• Exercise prompt
In the entries below, count the lines that hold the string "Stand" and state only that count.

Dataset items:
[Start of Attachment]
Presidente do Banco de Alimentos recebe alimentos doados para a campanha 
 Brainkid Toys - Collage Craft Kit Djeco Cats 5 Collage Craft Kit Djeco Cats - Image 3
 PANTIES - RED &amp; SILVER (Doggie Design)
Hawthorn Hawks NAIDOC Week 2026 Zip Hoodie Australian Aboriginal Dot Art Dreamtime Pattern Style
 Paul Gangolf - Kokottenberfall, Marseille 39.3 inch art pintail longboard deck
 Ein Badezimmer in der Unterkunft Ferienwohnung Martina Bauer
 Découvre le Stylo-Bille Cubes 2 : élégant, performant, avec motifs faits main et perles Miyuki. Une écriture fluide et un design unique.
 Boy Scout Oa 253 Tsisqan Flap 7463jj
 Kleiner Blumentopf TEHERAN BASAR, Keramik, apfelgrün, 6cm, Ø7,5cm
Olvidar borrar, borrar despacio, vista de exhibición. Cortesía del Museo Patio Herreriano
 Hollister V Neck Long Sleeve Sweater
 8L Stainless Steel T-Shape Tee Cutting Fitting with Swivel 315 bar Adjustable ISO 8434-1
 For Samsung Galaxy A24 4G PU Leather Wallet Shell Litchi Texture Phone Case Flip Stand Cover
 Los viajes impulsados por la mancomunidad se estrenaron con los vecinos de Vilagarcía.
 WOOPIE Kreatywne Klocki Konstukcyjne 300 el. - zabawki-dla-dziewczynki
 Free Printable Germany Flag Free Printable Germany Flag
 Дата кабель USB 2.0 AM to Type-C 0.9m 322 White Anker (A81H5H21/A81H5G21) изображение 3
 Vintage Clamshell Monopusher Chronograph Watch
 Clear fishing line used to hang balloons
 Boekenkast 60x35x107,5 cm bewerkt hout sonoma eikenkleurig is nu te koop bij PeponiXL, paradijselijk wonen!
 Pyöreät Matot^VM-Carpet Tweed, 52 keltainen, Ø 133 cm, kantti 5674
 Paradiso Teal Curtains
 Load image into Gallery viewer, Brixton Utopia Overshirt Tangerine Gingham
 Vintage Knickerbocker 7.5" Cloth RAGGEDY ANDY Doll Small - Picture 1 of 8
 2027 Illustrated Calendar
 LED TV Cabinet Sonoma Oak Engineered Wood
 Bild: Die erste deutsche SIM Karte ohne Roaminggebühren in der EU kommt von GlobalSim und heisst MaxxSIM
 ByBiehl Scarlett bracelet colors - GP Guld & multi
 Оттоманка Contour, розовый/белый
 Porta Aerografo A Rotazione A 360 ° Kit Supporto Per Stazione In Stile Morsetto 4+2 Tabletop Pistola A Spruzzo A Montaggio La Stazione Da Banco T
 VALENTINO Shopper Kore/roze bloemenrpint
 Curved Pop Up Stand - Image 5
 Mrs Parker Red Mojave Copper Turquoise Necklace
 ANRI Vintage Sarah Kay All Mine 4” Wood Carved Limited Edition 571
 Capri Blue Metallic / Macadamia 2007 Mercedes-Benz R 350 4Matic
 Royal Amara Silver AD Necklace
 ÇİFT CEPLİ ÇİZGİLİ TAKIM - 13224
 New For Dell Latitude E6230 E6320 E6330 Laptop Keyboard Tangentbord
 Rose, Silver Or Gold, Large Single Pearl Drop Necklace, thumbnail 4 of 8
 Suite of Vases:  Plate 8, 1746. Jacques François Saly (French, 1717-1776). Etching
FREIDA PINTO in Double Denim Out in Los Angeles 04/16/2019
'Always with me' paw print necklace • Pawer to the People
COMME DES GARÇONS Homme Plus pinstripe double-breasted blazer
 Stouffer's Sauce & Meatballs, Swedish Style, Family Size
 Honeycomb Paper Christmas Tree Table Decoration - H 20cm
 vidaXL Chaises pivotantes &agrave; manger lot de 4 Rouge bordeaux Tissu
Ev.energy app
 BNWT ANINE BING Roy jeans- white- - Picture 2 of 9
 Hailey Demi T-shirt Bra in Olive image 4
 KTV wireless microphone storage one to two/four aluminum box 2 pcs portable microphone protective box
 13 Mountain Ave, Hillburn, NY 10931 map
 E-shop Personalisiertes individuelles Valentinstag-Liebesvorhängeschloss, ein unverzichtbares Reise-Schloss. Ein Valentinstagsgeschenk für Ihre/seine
[End of Attachment]
• Task solution
2